» **Task to complete**: What you give back should be exactly the opening lines of the data, ending with the line that contains "Liszaj płaski zdjęcie" and including it.

» **Extracted data entries**:
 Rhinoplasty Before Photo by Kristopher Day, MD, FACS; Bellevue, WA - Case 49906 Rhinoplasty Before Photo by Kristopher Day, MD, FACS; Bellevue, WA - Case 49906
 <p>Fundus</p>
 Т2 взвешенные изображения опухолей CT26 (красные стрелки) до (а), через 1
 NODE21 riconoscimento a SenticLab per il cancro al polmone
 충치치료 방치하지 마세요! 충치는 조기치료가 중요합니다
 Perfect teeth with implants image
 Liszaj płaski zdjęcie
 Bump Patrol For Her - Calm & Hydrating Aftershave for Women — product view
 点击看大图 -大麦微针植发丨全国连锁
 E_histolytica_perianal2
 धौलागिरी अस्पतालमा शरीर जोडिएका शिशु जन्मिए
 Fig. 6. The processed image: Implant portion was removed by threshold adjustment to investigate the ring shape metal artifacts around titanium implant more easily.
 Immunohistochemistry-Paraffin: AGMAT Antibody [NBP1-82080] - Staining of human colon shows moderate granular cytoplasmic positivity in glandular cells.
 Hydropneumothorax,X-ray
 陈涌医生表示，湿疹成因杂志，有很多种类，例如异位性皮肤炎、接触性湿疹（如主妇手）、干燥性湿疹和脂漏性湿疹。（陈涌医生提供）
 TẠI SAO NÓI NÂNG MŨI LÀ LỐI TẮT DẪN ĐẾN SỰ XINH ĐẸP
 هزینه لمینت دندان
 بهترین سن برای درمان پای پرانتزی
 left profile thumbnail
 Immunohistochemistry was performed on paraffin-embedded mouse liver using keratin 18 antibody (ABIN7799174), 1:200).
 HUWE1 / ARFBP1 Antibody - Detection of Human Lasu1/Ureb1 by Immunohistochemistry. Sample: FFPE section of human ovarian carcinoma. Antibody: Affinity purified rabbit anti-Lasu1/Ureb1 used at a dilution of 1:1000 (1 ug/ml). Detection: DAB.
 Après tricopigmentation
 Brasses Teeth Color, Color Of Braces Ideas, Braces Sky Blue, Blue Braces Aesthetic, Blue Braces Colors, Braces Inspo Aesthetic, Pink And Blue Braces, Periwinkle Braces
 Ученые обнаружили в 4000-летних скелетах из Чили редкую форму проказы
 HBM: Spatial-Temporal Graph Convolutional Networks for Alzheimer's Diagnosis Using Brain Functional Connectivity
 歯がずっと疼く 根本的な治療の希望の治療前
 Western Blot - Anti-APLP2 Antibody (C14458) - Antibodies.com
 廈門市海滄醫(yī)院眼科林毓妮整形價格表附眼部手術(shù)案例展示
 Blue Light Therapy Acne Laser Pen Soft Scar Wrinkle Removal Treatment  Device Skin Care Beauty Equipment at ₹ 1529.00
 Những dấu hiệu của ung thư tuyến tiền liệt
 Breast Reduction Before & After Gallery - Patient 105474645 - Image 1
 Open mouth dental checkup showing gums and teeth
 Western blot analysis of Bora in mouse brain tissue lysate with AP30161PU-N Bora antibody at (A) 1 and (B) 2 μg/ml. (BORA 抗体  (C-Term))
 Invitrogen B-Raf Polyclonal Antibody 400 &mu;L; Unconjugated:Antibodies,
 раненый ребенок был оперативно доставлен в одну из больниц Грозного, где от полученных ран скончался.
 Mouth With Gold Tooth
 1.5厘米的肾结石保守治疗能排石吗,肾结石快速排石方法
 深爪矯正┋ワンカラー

» **Solved exercise**:
 Rhinoplasty Before Photo by Kristopher Day, MD, FACS; Bellevue, WA - Case 49906 Rhinoplasty Before Photo by Kristopher Day, MD, FACS; Bellevue, WA - Case 49906
 <p>Fundus</p>
 Т2 взвешенные изображения опухолей CT26 (красные стрелки) до (а), через 1
 NODE21 riconoscimento a SenticLab per il cancro al polmone
 충치치료 방치하지 마세요! 충치는 조기치료가 중요합니다
 Perfect teeth with implants image
 Liszaj płaski zdjęcie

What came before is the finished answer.